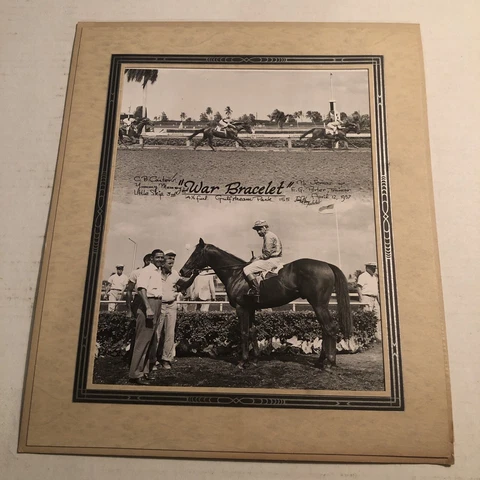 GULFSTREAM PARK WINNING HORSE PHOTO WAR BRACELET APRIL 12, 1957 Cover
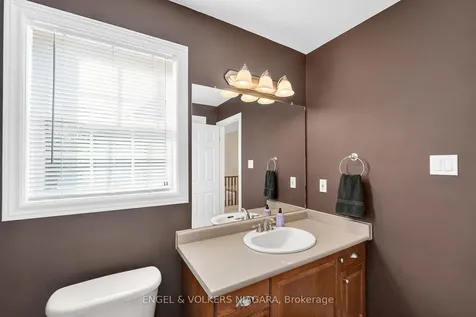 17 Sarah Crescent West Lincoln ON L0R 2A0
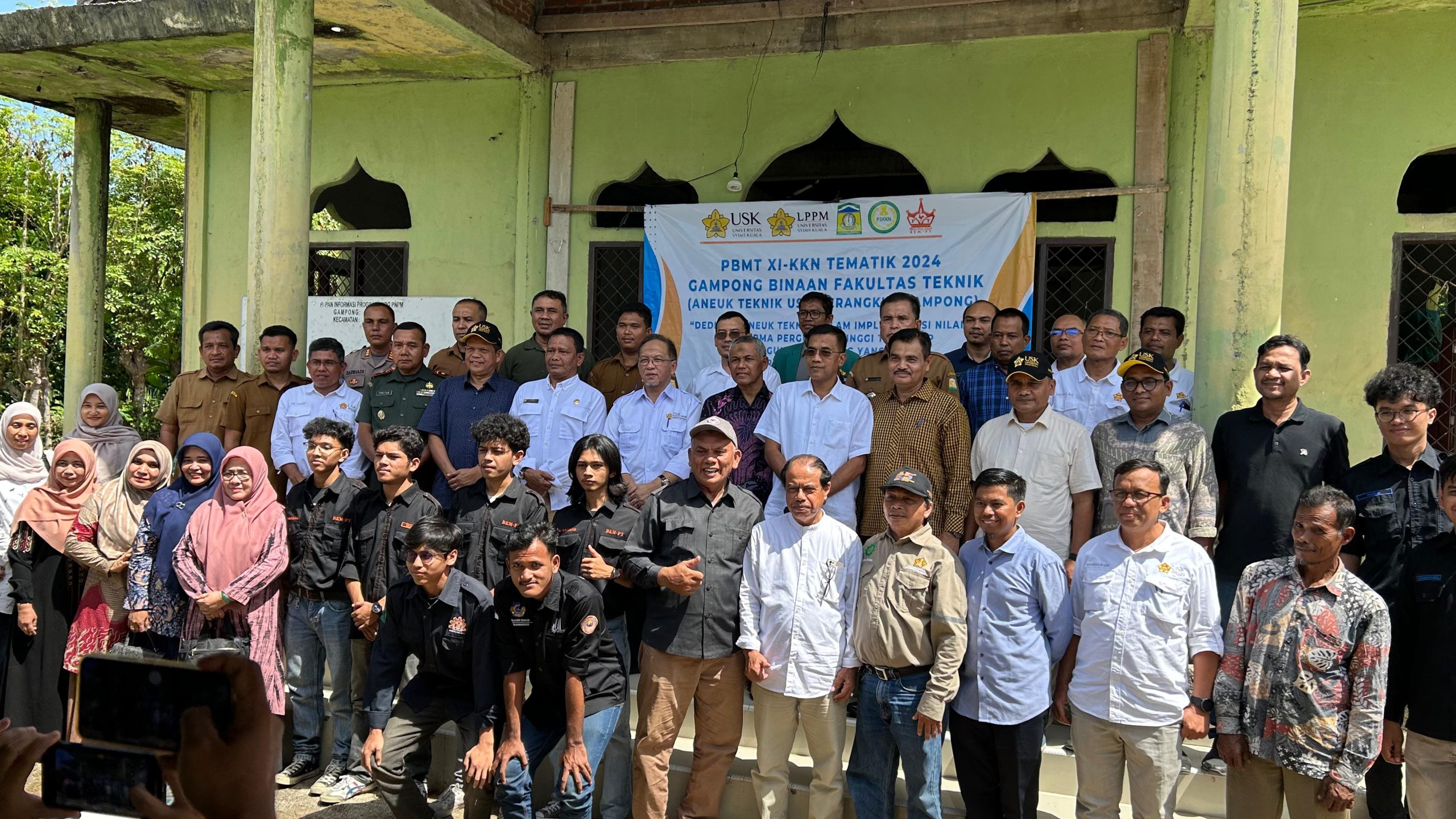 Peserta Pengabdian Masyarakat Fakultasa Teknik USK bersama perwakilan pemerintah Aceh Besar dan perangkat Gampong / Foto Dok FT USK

* * *

**Aim of the task:**
Having located the line with "17 Sarah Crescent West Lincoln ON L0R 2A0", copy it exactly along with every later line through the end of the listing above, but omit the pictures.

**Exercise output:**
 17 Sarah Crescent West Lincoln ON L0R 2A0
 Peserta Pengabdian Masyarakat Fakultasa Teknik USK bersama perwakilan pemerintah Aceh Besar dan perangkat Gampong / Foto Dok FT USK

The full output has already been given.